A data frame with 34244 rows and 10 variables:

feature

character, unique feature identifier in the format 'ASSAY_ABBREV;TISSUE_ABBREV;feature_ID' only for training-regulated features at 5% IHW FDR. For redundant differential features, 'feature_ID' is prepended with the specific platform to make unique identifiers. See REPEATED_FEATURES for details.

ome

character, assay abbreviation, one of ASSAY_ABBREV

tissue

character, tissue abbreviation, one of TISSUE_ABBREV. Note that VENACV, OVARY, TESTES, were not included in the graphical representation of differential features due to missing groups (e.g., females trained for 1 week).

feature_ID

character, MoTrPAC feature identifier

state_1w

character, state (1, up-regulated; 0, null; -1, down-regulated) of the feature in each sex (F, females; M, males) at the 1-week training time point, relative to sex-matched untrained animals

state_2w

character, state of the feature in each sex at the 2-week training time point

state_4w

character, state of the feature in each sex at the 4-week training time point

state_8w

character, state of the feature in each sex at the 8-week training time point

path

character, assigned states from weeks 1-8, separated by "->". This represents a feature's full path through the graph.
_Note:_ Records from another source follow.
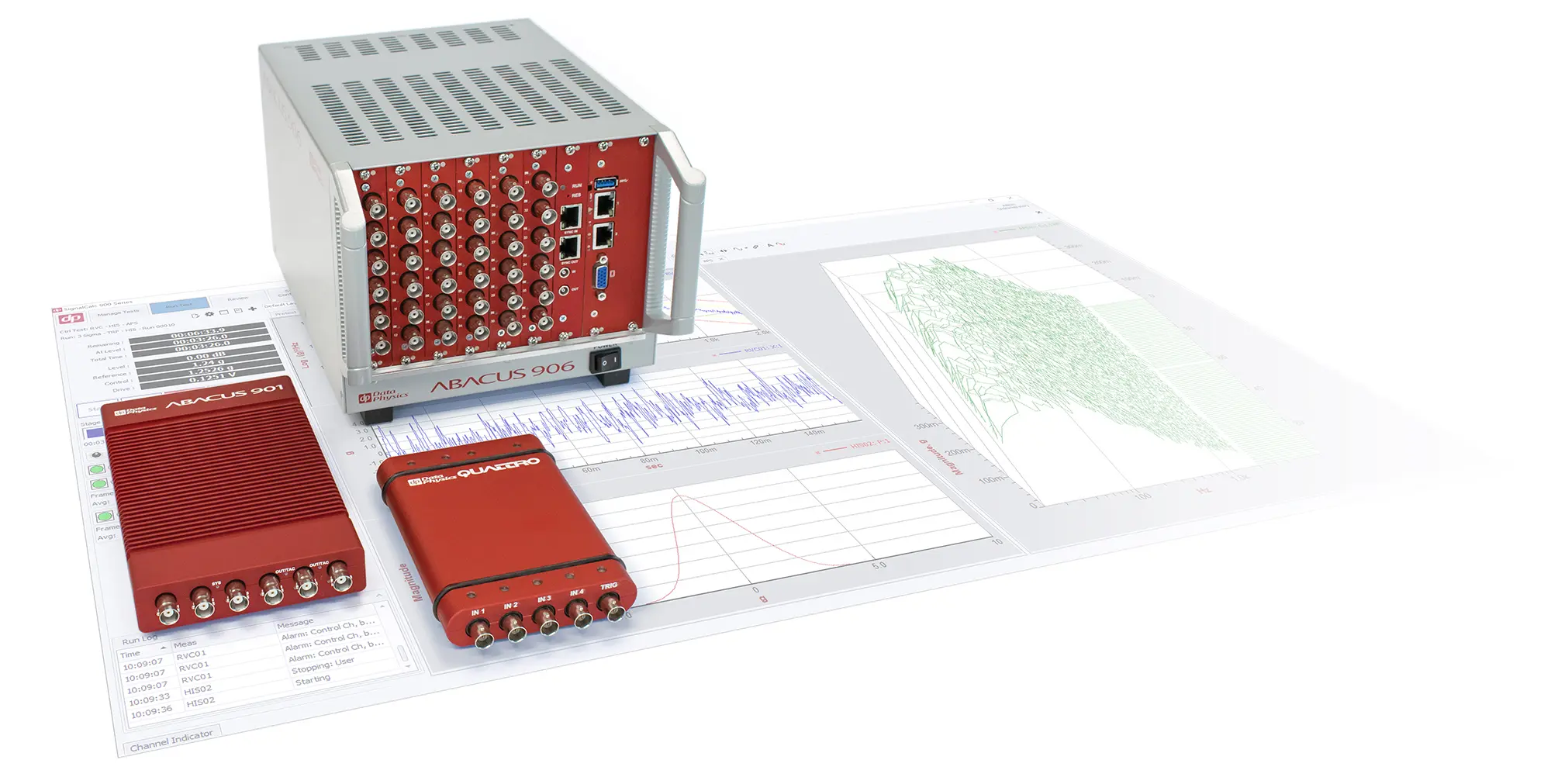 ダイナミックシグナルアナライザ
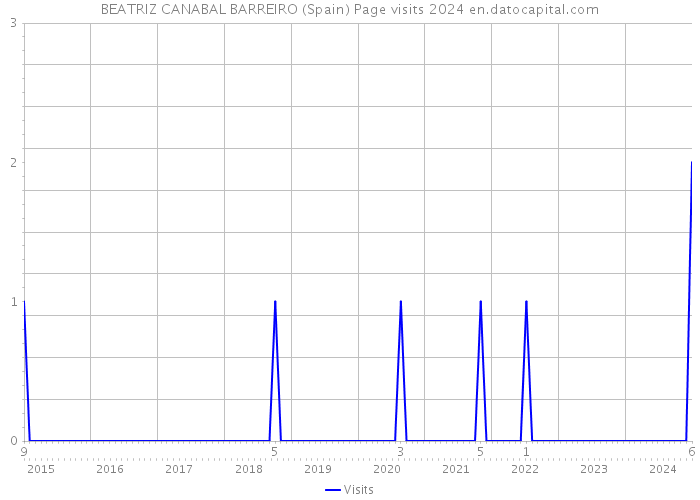 BEATRIZ CANABAL BARREIRO (Spain) Page visits 2024 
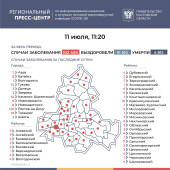 Число инфицированных COVID-19 на Дону выросло на 316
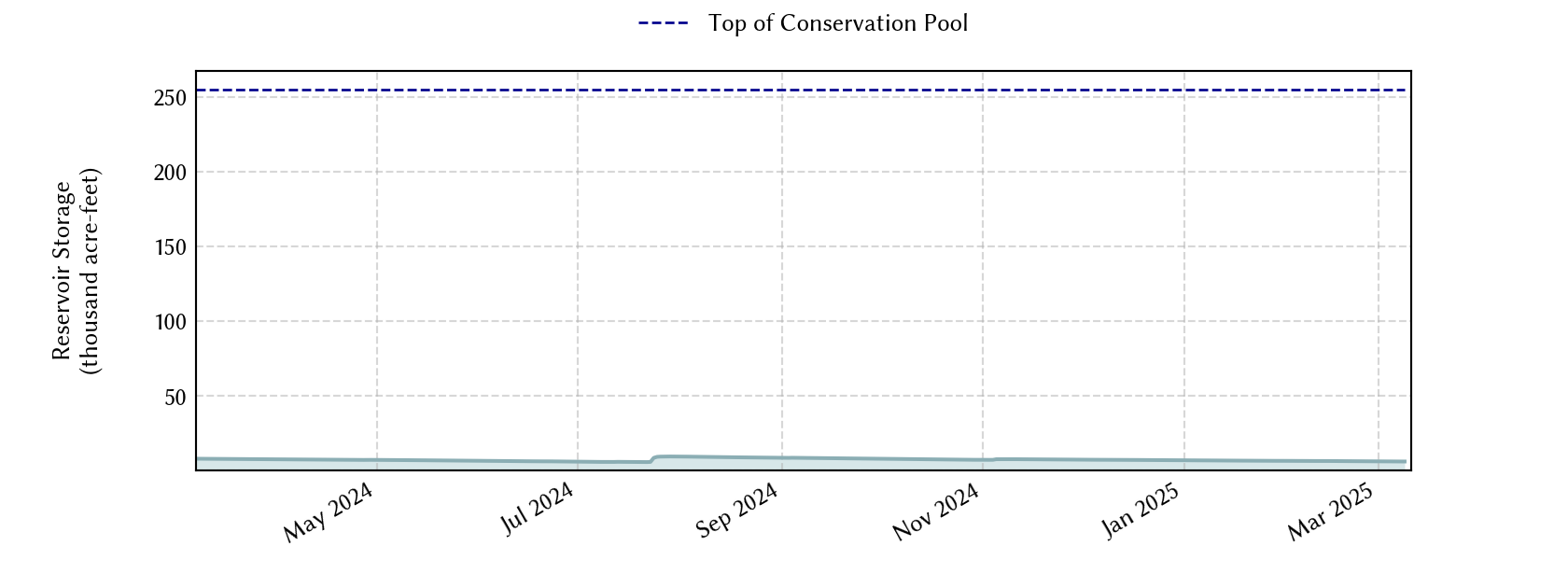 plot of recent storage data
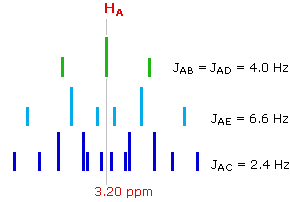 Virtual Textbook: Spectroscopy — NMR Extensive Splitting Example, figure 2
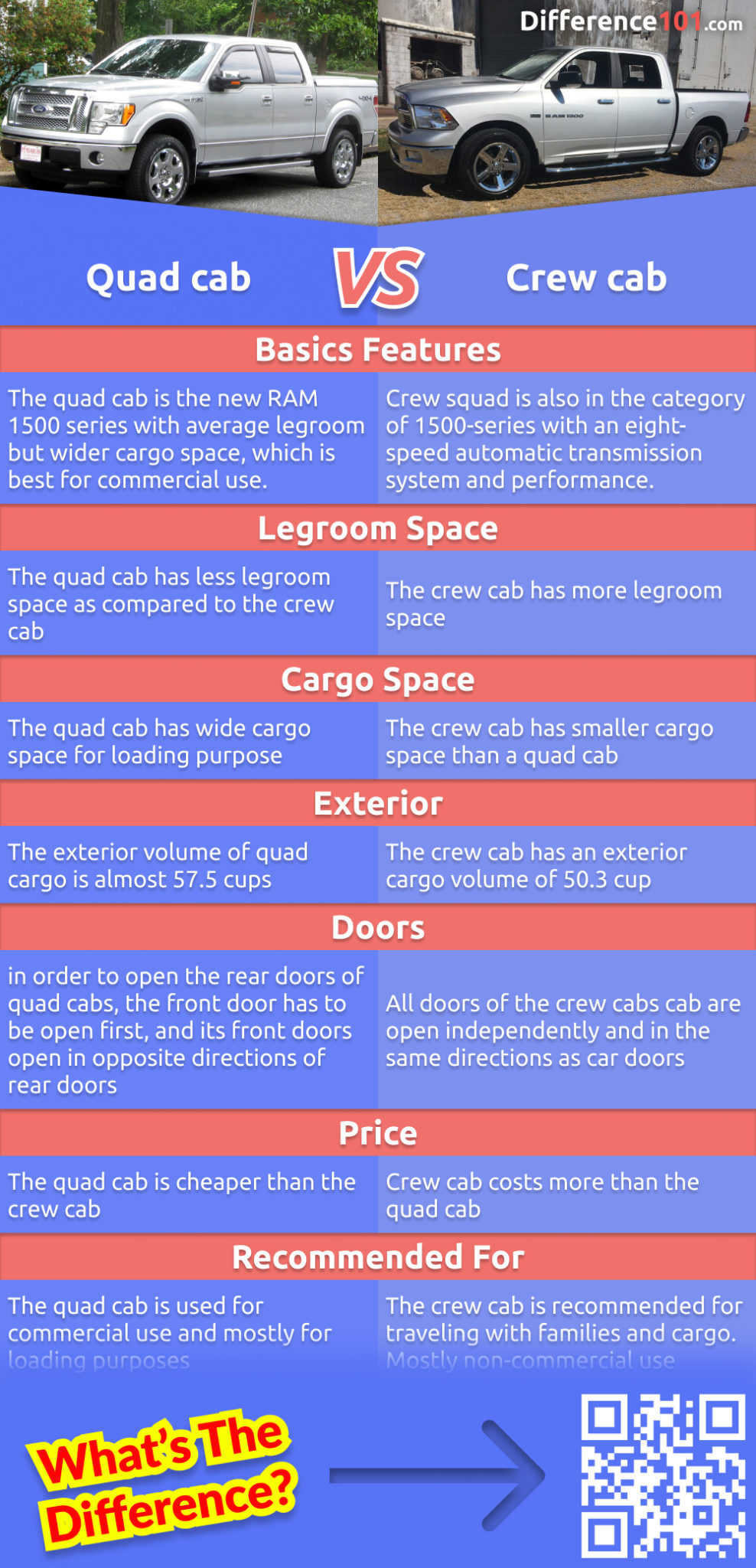 Quad cab vs. Crew cab 7 Key Differences, Similarities and Pros & Cons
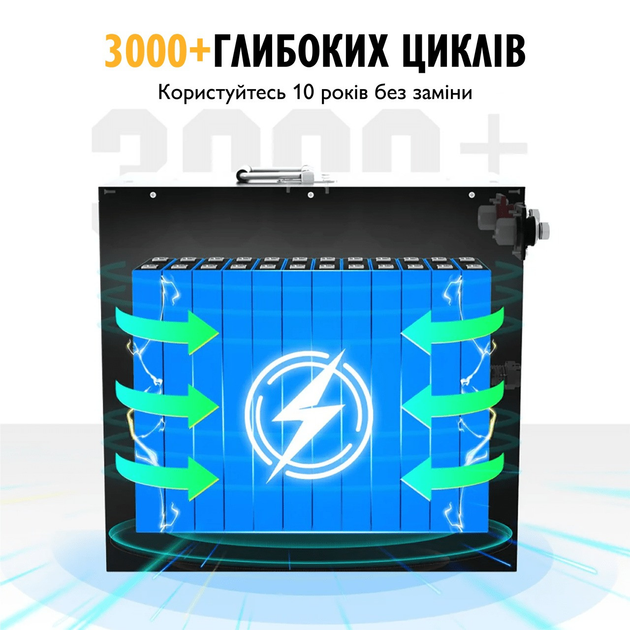 Аккумулятор Eco Worthy LiFePO4 12V 150Ah (1920Wh) в металлическом корпусе, 3000+ циклов - изображение 4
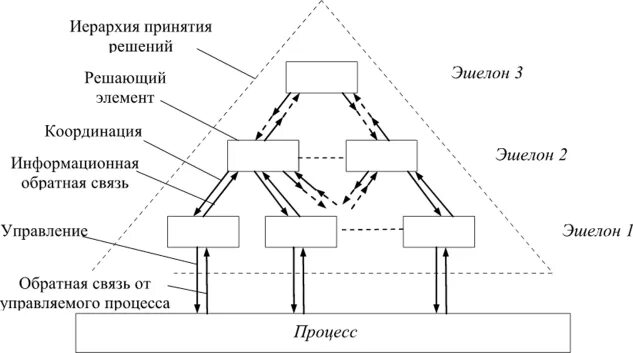 Иерархия заключенных. Иерархия заключенных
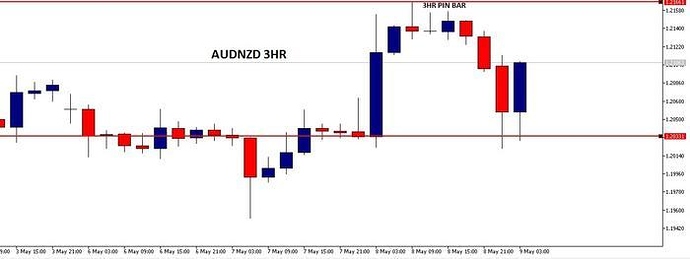 Forex price action babypips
NA if the state at any of the four time points is NA.

tissue_path

character, assigned states from weeks 1-8, separated by "->". This represents a feature's full path through the graph. NA if the state at any of the four time points is NA.

Details

Given the posteriors Pr(h|z_i) computed using repfdr::repfdr() where h is a configuration vector in -1,0,1^8 (specifying the 8 analyzed groups, 4 time points in males and females), and z_i is the vector of z-scores of analyte i, we assign analytes to "states". A state is a tuple (s_m,j, s_f,j), where s_m,j is the differential abundance state null, up, or down (0,1, and -1 in the notation above, respectively) in males at time point j, and s_f,j is defined similarly for females (at time point j). Thus, we have nine possible states in each time point. For example, assume we inspect analyte i in time point j, asking if the abundance is up-regulated in males while null in females. Then, we sum over all posteriors Pr(h|z_i) such that males are up-regulated and females have 0. If the resulting value is greater than 0.5, then we say that analyte i belongs to the node set S(s_m,j, s_f,j). Thus, we use S(s_m,j, s_f,j) to denote all analytes that belong to a state (s_m,j, s_f,j). Then, for every pair of states from adjacent time points j and j+1 we define their edge set as the intersection of S(s_m,j, s_f,j) and S(s_m,j+1, s_f,j+1). Thus, thenode sets edge sets together define a tree structure that represent different differential patterns over sex and time.